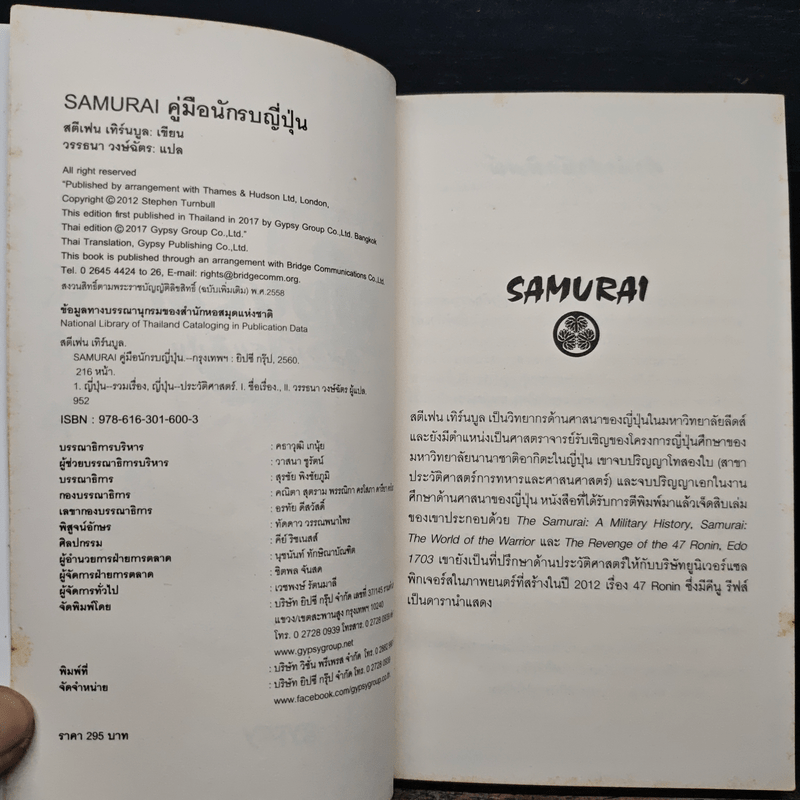 Samurai คู่มือนักรบญี่ปุ่น - สตีเฟน เทิร์นบูล, วรรธนา วงษ์ฉัตร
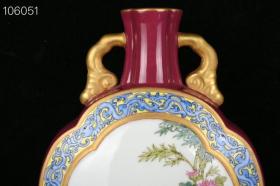 清乾隆胭脂红秞开光珐琅彩描金安居落业纹双耳扁瓶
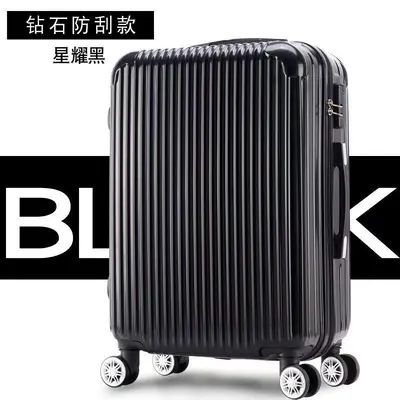 Multifunctional luggage suitcase with universal wheels, aluminum frame, telescoping handle, women's student, 20-inch travel bag, carry-on password suitcase, 24-inch - 7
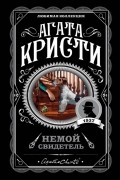 Агата Кристи - Немой свидетель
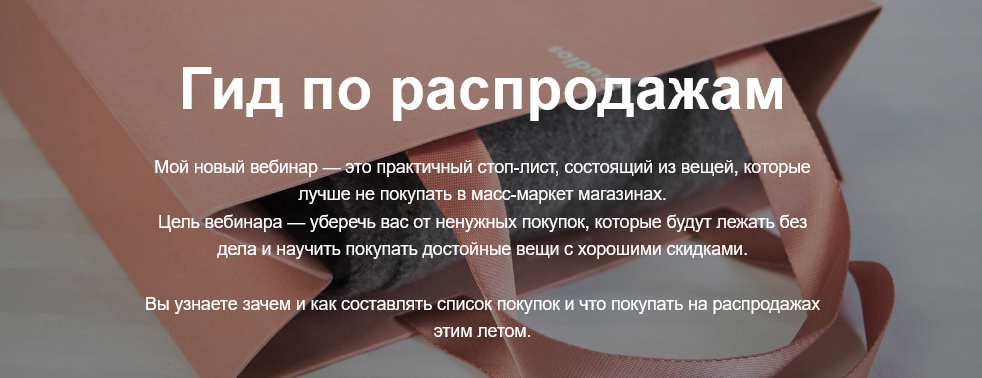 [Юля Катькало] Гид по распродажам (2021)_0.png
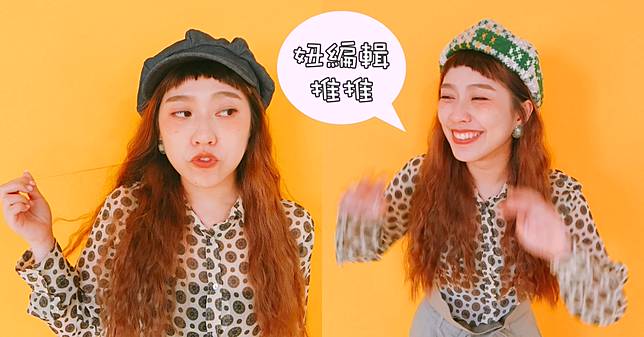 少女們也愛的冷酷都市 里昂帽 今年流行的帽款妞妞們都入手了嗎 妞新聞 Line Today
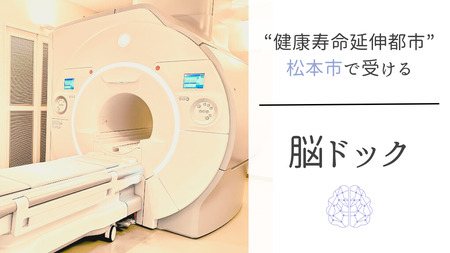 脳ドックチケット 簡易コース（当日結果説明付き）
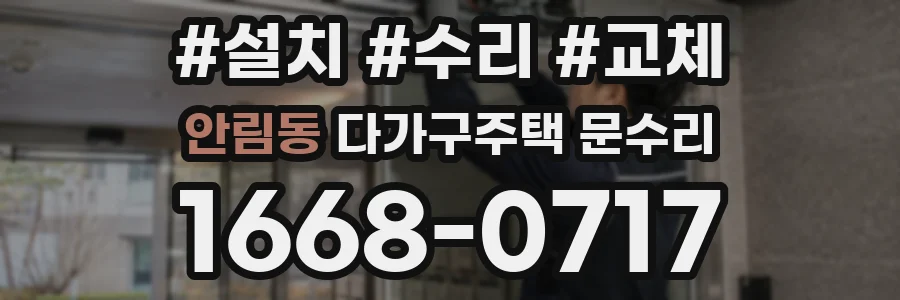 안림동 다가구주택 문수리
#####
> _WHAT THIS TASK INVOLVES_: Pictures stay out; the records above are otherwise reproduced exactly.

> _WRITTEN REPLY_:
 Samurai คู่มือนักรบญี่ปุ่น - สตีเฟน เทิร์นบูล, วรรธนา วงษ์ฉัตร
 清乾隆胭脂红秞开光珐琅彩描金安居落业纹双耳扁瓶
 Multifunctional luggage suitcase with universal wheels, aluminum frame, telescoping handle, women's student, 20-inch travel bag, carry-on password suitcase, 24-inch - 7
 Агата Кристи - Немой свидетель
 [Юля Катькало] Гид по распродажам (2021)_0.png
 少女們也愛的冷酷都市 里昂帽 今年流行的帽款妞妞們都入手了嗎 妞新聞 Line Today
 脳ドックチケット 簡易コース（当日結果説明付き）
 안림동 다가구주택 문수리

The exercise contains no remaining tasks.